● What you are asked to do
Dropping every picture, set down exactly the lines in the entries below, starting with the line with "Joy Mangano Cognac" and going on through the line with "maxi dresses for".

● Data supplied
·····

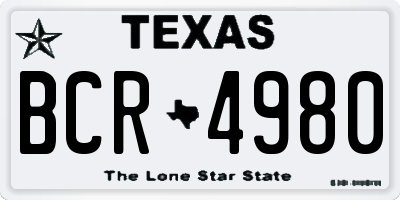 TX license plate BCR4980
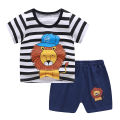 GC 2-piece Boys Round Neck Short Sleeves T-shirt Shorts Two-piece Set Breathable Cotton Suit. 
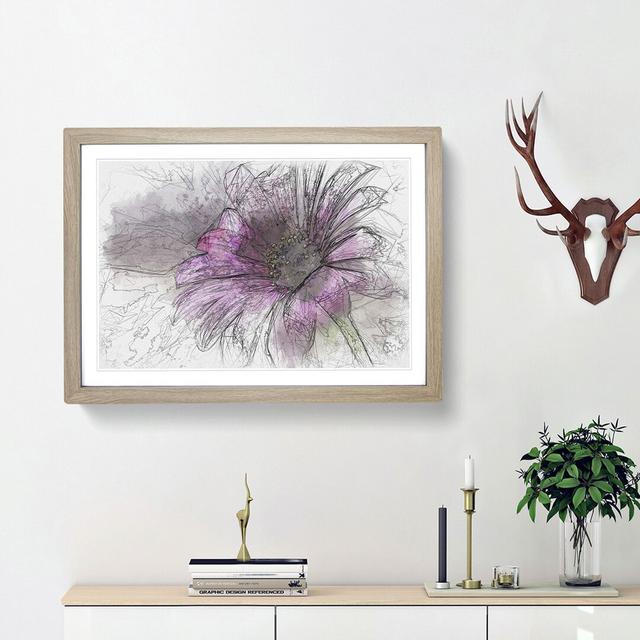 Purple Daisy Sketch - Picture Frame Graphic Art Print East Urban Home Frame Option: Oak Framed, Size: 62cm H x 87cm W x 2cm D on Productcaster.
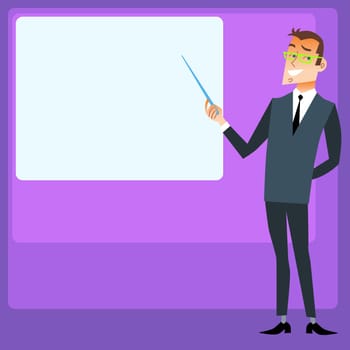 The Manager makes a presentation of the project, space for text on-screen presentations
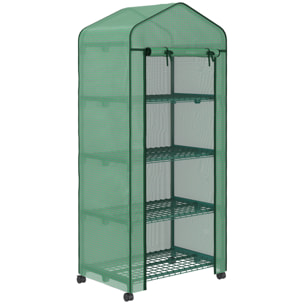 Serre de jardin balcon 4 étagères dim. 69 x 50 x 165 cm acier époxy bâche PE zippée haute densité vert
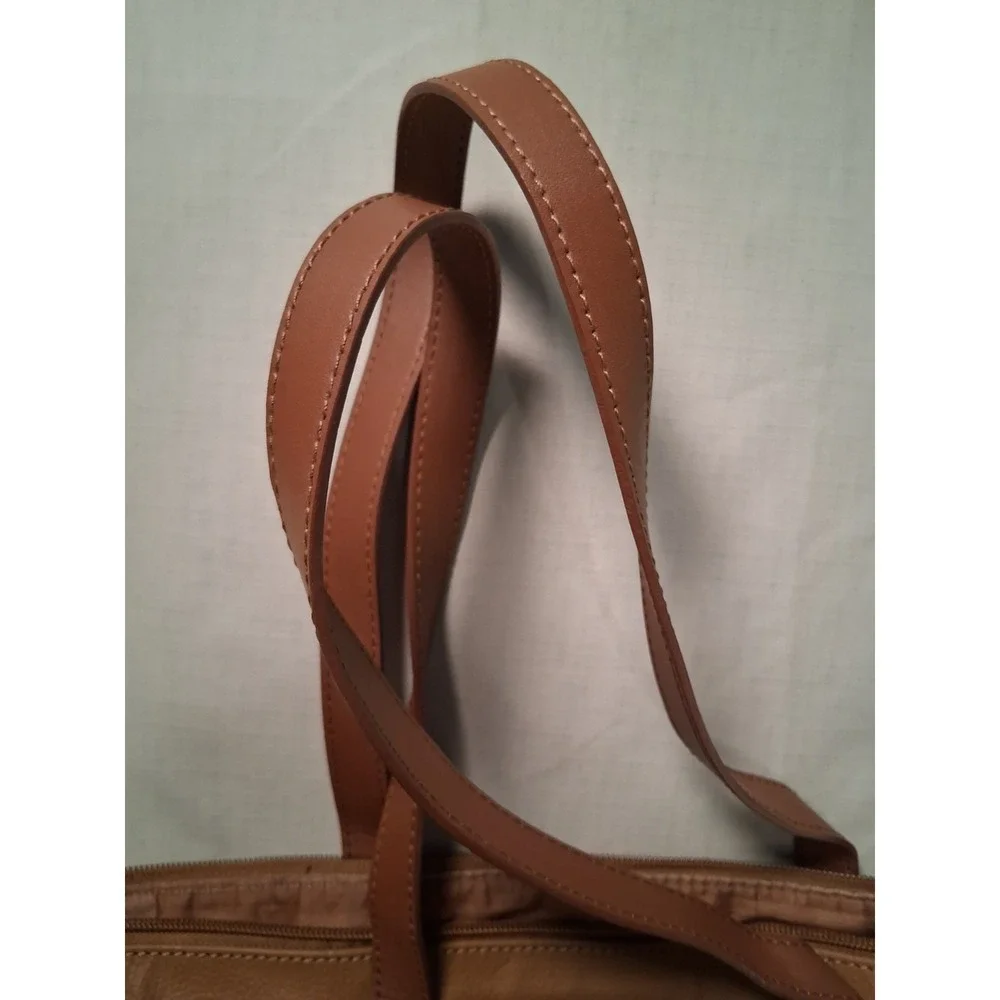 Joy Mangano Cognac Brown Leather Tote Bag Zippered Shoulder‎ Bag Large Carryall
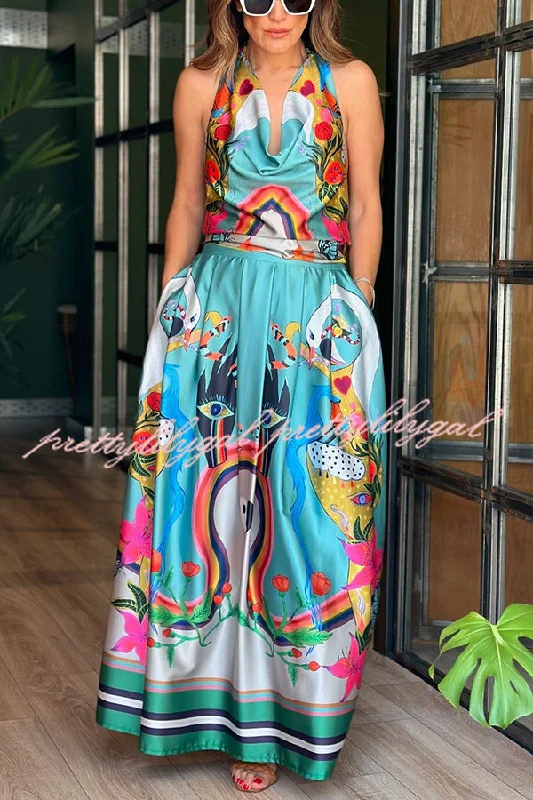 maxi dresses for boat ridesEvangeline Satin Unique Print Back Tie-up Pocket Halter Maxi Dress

·····

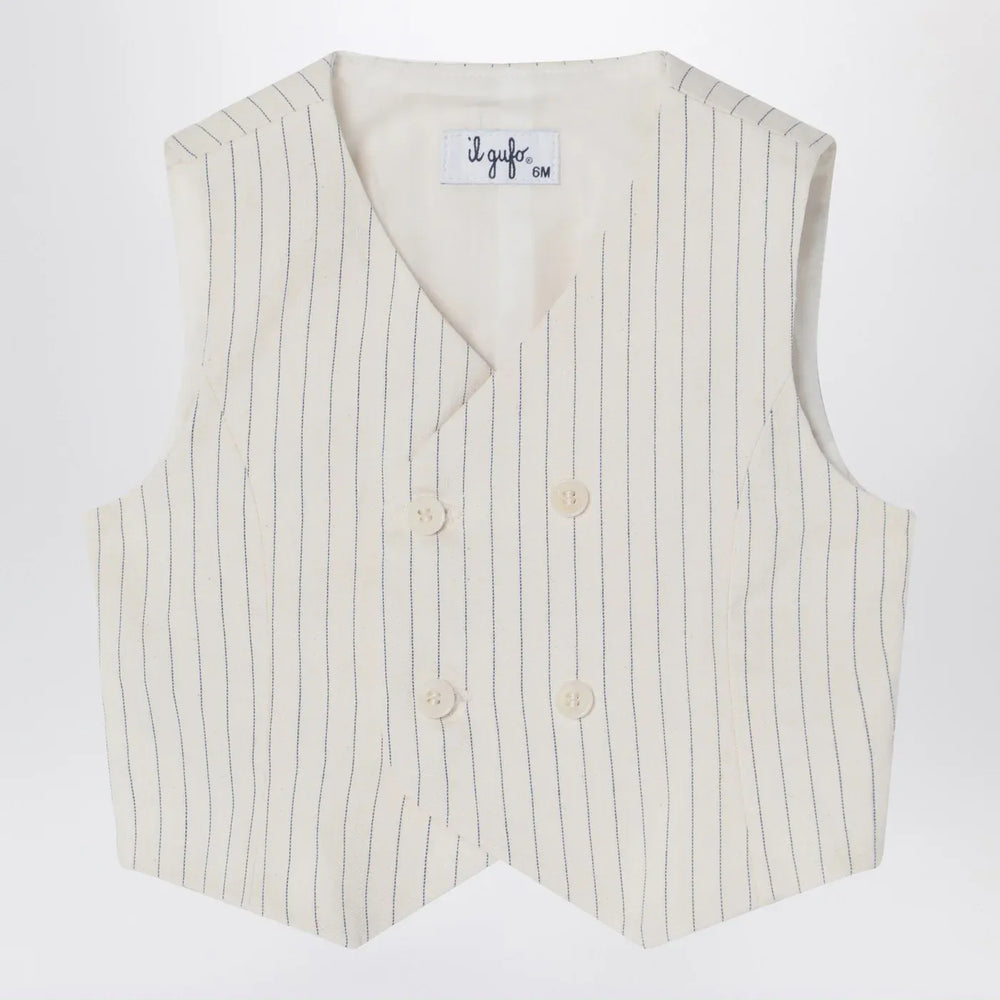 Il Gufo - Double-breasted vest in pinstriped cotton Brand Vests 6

·····

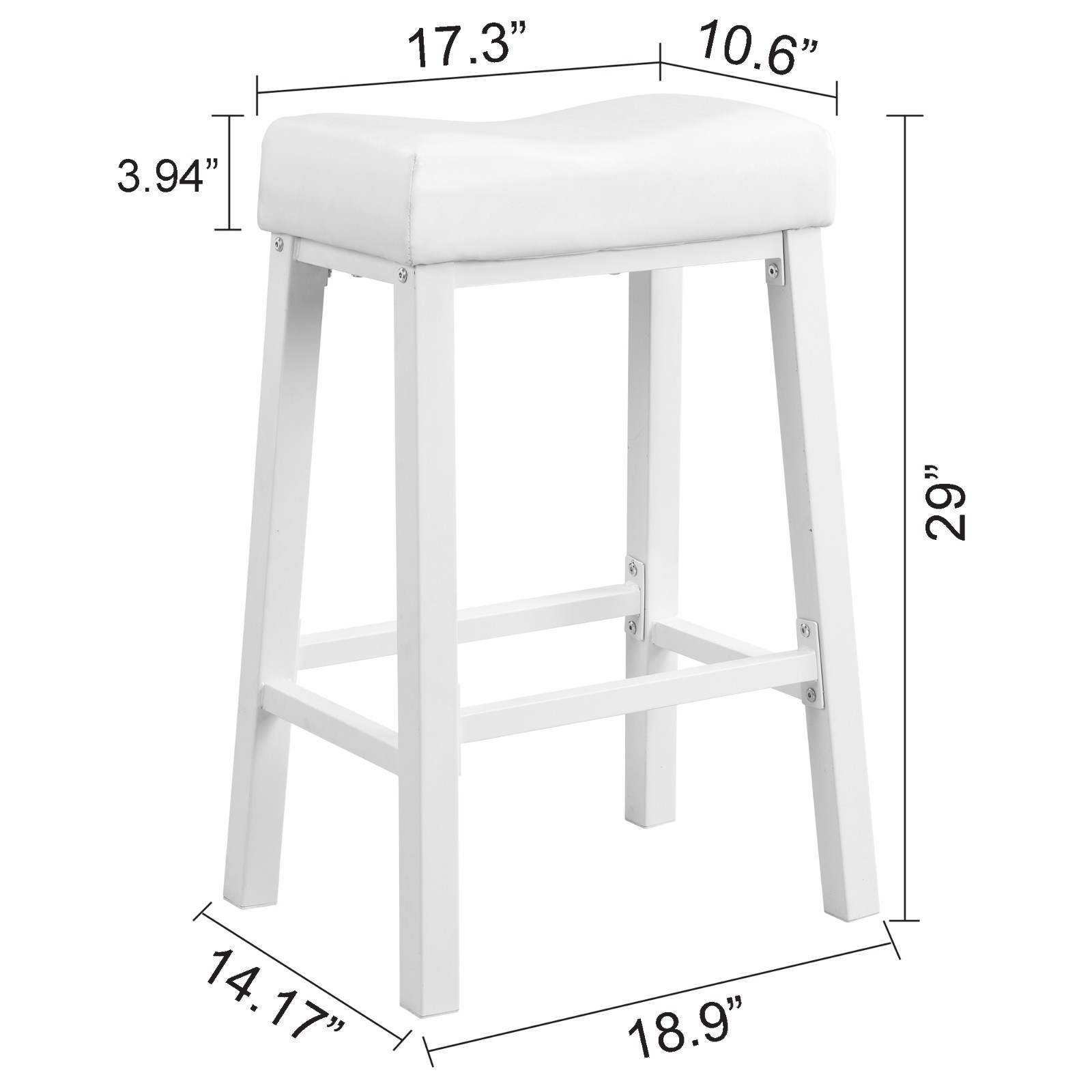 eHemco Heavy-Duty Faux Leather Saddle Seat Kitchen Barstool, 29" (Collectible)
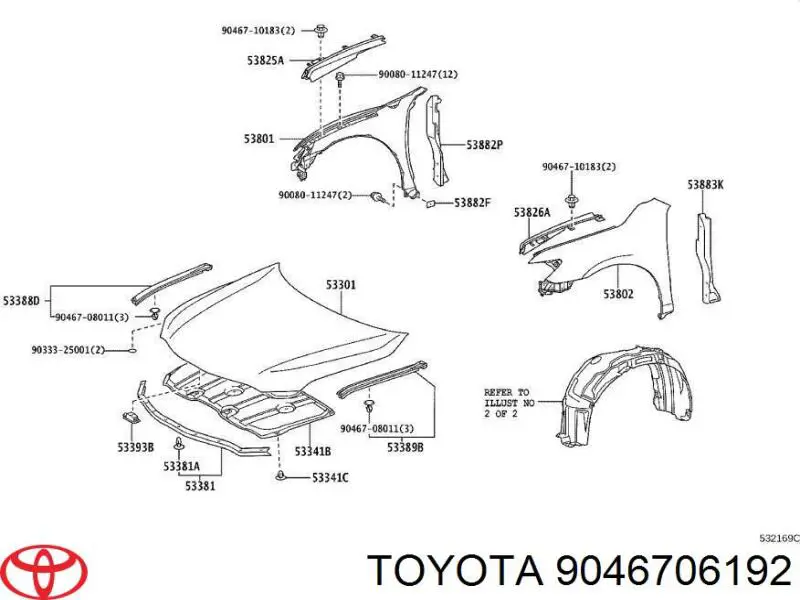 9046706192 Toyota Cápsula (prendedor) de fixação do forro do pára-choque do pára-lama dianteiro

·····

● The answer
 Joy Mangano Cognac Brown Leather Tote Bag Zippered Shoulder‎ Bag Large Carryall
 maxi dresses for boat ridesEvangeline Satin Unique Print Back Tie-up Pocket Halter Maxi Dress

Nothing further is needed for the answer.